By Jemima Kingsley

Are you in a long-term romantic relationship? Is she your wife, your girlfriend, or your better half? Is he your partner, him indoors, your significant other, or your spouse? Are you married? How much of the way you define your relationship is determined by your legal status? How much is it defined by the language you use?
In December the potential vocabulary (and legal status) available to gay and lesbian couples in the UK will change with the introduction of civil partnership. The new law allows lesbians and gay men, in all but name, to marry. And it’s the all but name bit which leads me to wonder how important the language of marriage is.

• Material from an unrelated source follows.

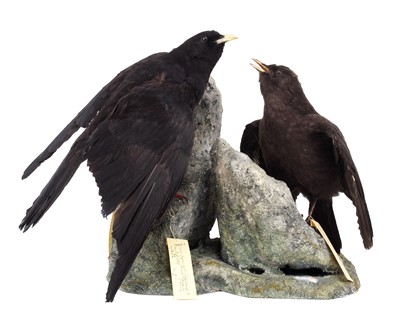 Lot 74 - Taxidermy: Alpine Chough & Young (Pyrrhocorax...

As an example, was it news to you that civil partnership carries the same rights and legal implications as marriage? It is to most people I tell. It’s clear to me that civil partnership has been named in order to avoid the religious implications of marriage (one of the few differences between civil partnership and marriage is that civil partnership ceremonies cannot be held in religious venues), but this use of language has also made it hard to communicate the legitimacy of the partnerships. The shorthand of marriage is lost in the new language and, until the reality of civil partnership becomes established, I think it unlikely that anyone will take it nearly as seriously as they take marriage. So, what to do?
"I’m getting married!"
As a simple solution it would be possible for gay and lesbian couples to ignore the legal terms and just adopt the language of marriage for their civil partnerships. The shorthand is convenient. Invitations could go out inviting friends to their marriage, they could have a wedding day, the fathers of the brides could give away their daughters. She could be a wife. She could have a wife. And of course some gay people already use ‘wife’ or ‘husband’ to describe the commitment of their relationship, and have made headway in gaining acceptance by using language that people recognise.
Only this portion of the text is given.